In other news, I gave BUTI fitness another go.
When I first tried it, I thought:
I am not trying to have sex with myself… I am trying to work out.
So, I stopped completely. I laughed at it, made jokes about the trusts, but… well, I am a convert.
First of all, BUTI work outs – from what I can tell – are pretty much only for women. It is a work out that allows you to feel sexy and empowered as a woman. Combining elements of yoga, tribal and hip hop dance with some plyometric work. Originally I did not enjoy BUTI because of the plyometric work and the fact that it required me to just… shake my rump.
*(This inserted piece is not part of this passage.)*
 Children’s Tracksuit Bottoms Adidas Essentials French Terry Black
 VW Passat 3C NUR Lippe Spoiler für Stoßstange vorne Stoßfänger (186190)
Still, I am a bit iffy on the plyometrics, only because right now my body does not want such high intensity, so I usually lower the intensity of those moments for myself. But the rump skaking. Well… that is a whole other store.
Lately, along with project Trust yourself, sub-project Feel Sexy has arisen. Typically speaking my self esteem is low. Obviously. I never feel good, or sexy or anything. BUTI honestly gives me that umph. Just like my free-style dancing.
What I love about it is, you will do something really… interesting and nonyoga-y for a bit, then you’ll stretch deep into a yoga posture. Oddly, it makes this really amazing balance. After the work out, I did not feel overly worked either. The plyometrics were well placed to not be too intense, but enough to get you feeling good. It was awesome.
I did not like some of the transitioning, however. It felt a bit jerky to me – almost like it did not actually belong. There was one move…. this move:
Yah… this just wasn’t happening. Basically, you’re like this, and then you’re like shaking your groove thing. Not easy. While a really good shoulder work out, I felt like a fool doing it. Perhaps it is just my inability. This bridge thing aside, the work out was awesome. Definitely something I would try again. And again.
Lastly, today when I was putting together my lunch, I remembered what my nutritionist had told me:
Honestly, we don’t need as many vegetables as you think. Of course we need them, but they should not take away from the other foods we also need just as much (whole grains, lean proteins, healthy fats, etc). Now, while I am totally a fan of the green, I think that my love for the green might be purely driven by… the low caloric content.
Everything needs to be in balance. Nothing is truer than this statement.
Point is, today was the first day my lunch did not resemble a forest, but a town with a small forest inside of it. The town had all the essentials including the much-needed forest. Fortunately, you were not lost amid a bunch of trees. While this might seem a small feat, to me, it was huge! Lately I have really been trying to balance my plate properly. It’s been hard, but I have been trying. What I have come to discover is is that although important, eating too many vegetables can be just as bed as eating too much greasy food. After a plate full of low cal, high volume foods you’ll feel full, but not at all satisfied; you’ll get 50% per cent of the nutritional needs, but you’ll be missing some much more.
While I do not think you need the seven-eleven recommended servings of grains a day, I do think grains are important. I believe you should aim for at least the three servings of whole grains a day, and then two additional servings of starches or grains. Why? Grains and starches give us a lot of energy. Energy is important. I also do not think it is healthier to stop eating meats, or dairy. Whatever works for your body. All I know is, a diet consisting of mostly/only vegetables will never last.
And this is coming from me… queen of green.